Tim Berners-Lee, who along with Hendler and Ora Lassila first mentioned
the Semantic Web back in May 2001, told W3C members earlier this year that
the Semantic Web is going to be very powerful, and fun. There is going to be
constant tension between fragmentation and integration but ultimately, it
works over the entire scale.
“Once these services begin to participate in the Semantic Web, the
network effect is really exciting,” Miller said. “When it really hooks on,
there’ll be no way of stopping it.”
Major Players Line Up
As the Semantic Web begins to form, top-tier players are already
plotting their strategies for taking part.
Hewlett-Packard seems to have the best jump on the pack with its Jena
project. The company had the second version of its open source Java-based
framework released in late August. The company also is working on HP
Haystack, a flexible universal information client, which is a combination of
individual preferences used to interpret metadata.
Sun Microsystems has submitted its Global Knowledge
Engineering (GKE) framework (code-named SwoRDFish).
IBM recently released a best practices paper and a demo for its
own metadata interpreter, Semio Tagger. The addition to the Semantic Web lined a billion documents and
annotation server, which then can subscribe and get metadata from the server
to flip it around and show related documents.
“Right now it’s a pretty amicable environment. That will change,” Miller said.
Other major players in the Semantic Web space include Mitch Kapor of
Lotus 123 fame and his Open Source Applications Foundation (OSAF),
MovableType.org, Teknowledge and Creative Commons.org,
which is focused on protecting copyrights and privacy.
“That is an interesting and developing issue,” said Miller. “There are
potentials of misuse. We are helping people articulate this and their use in
policies in addition to the data that we’re sharing.”

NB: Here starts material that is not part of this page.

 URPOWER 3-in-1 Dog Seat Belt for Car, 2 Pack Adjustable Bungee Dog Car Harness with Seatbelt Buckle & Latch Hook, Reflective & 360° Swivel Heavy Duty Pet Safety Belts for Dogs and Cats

With blogs for example, Miller says searching for related topics also
reveals metadata information about the authors, that and linking between
“friend of a friend” recommendations.
“It works very much like six degrees of separation,” Miller said.
The copyright issue is being addressed by setting up rules
“You as a writer or me as an artist is copyrighted except if we allow
that data to be used elsewhere,” Hendler said. “In some instances you could
reuse it but it requires attribution. When you type in a search in Google,
for example, you could in the future ask to show all the images that can be
reused for free.”
So if it can be used for protecting copyrighted images, could the
Semantic Web be a “silver bullet” that could potentially save online digital
music? Miller says no.
“Not a silver bullet, but useful gunpowder,” he said. “The systems for
Disney are going to be different than for libraries. The lowest common
denominator will be through digital rights description. Then there are the
generalizations of licenses and through rules in languages.”

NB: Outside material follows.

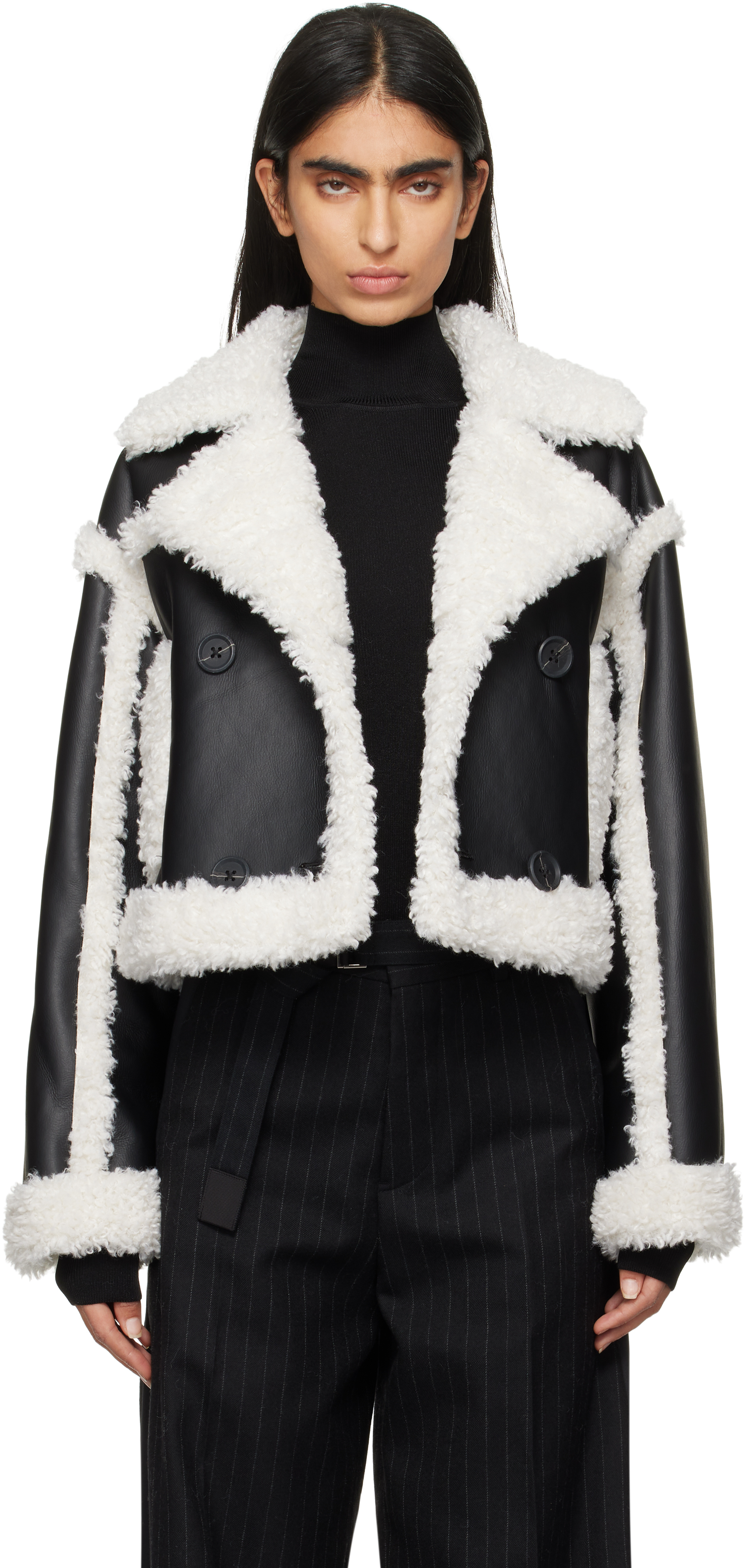 STAND STUDIO BLACK & OFF-WHITE KRISTY FAUX-SHEARLING JACKET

In one field test, Hendler and his team at the University of Maryland
prototyped a Semantic Web application using a pager.
“A student wore a pager that would only let certain pages go through,”
Hendler. “We designed it so that professors could page her and others
couldn’t. In a much wider sense, these could be applied to metadata that
identifies a query. Not just an IP address but a certain type of criteria to
let me know this person is who they say they are.”